A little more than a century after the van Eyck Lottery, Queen Elizabeth I was looking for a way to raise money for several large public projects, in particular the rebuilding of ports and building new ships for the royal fleet. At the time, in 1567, she had two choices: levy a new tax on her citizens or hold a lottery. The Queen decided to go with the latter and established England’s first State Lottery.
This lottery is different in many ways from the modern ones found in the United States and England, partly because of the cost of a ticket. While many lotteries these days are heavily marketed toward people with low-income salaries, the Queen's lottery targeted the upper class—indeed, the majority of English citizens in the mid-16th century wouldn’t have been able to afford the 10 shillings price per ticket, according to the British Library.

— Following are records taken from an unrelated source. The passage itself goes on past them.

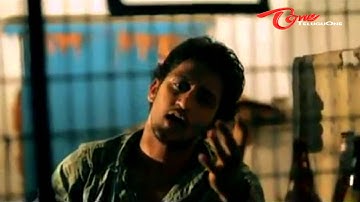 Bulli Pettelo Boochodu Songs - Sim Choosthe Chinnadhi - Divya - Manoj Nandam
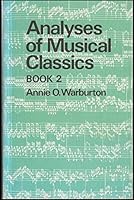 Analyses of Musical Classics 0582324858 Book Cover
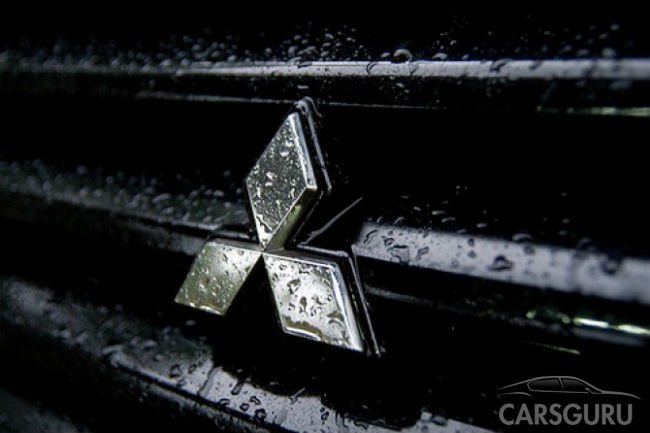 Три модели Mitsubishi хотят выпускать в России
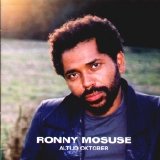 Ronny Mosuse - Altijd Oktober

Not only did it cost a lot of money, but the pool was limited to 400,000 tickets. And the lucky winner wouldn't just receive £5,000 in cash, but also goods like plate, tapestries and “good linen cloth.”
To sweeten the deal even further, Queen Elizabeth announced that all participants would be granted immunity from arrest, so long as the crime wasn't piracy, murder, felonies, or treason, the British Library reports.
While the winner’s name has been lost to the history books, the Queen's raffle helped set the stage for the modern-day lottery system. As is the case in many countries, the national lottery system fell in and out of use in the United Kingdom, depending on who was in power and what their preferred fundraising methods were. The current incarnation of the British National Lottery officially launched in 1994, after it was established by the administration of Prime Minister John Major, the Guardian reports.
The modern British National Lottery may only be barely more than two decades old, but the American lottery system has been around the block, comparatively. Though small lotteries date back to some of the earliest colonists, the game of chance was officially sanctioned at the state level in 1964, when New Hampshire began looking into using a state lottery to raise funds. Since then, all but six states have established their own official lottery system as an alternative to raising taxes for projects like infrastructure and public schools. Now, more than 50 years since it began, the Powerball lottery might make one very lucky person very, very rich – if he or she can beat the astronomical odds, that is.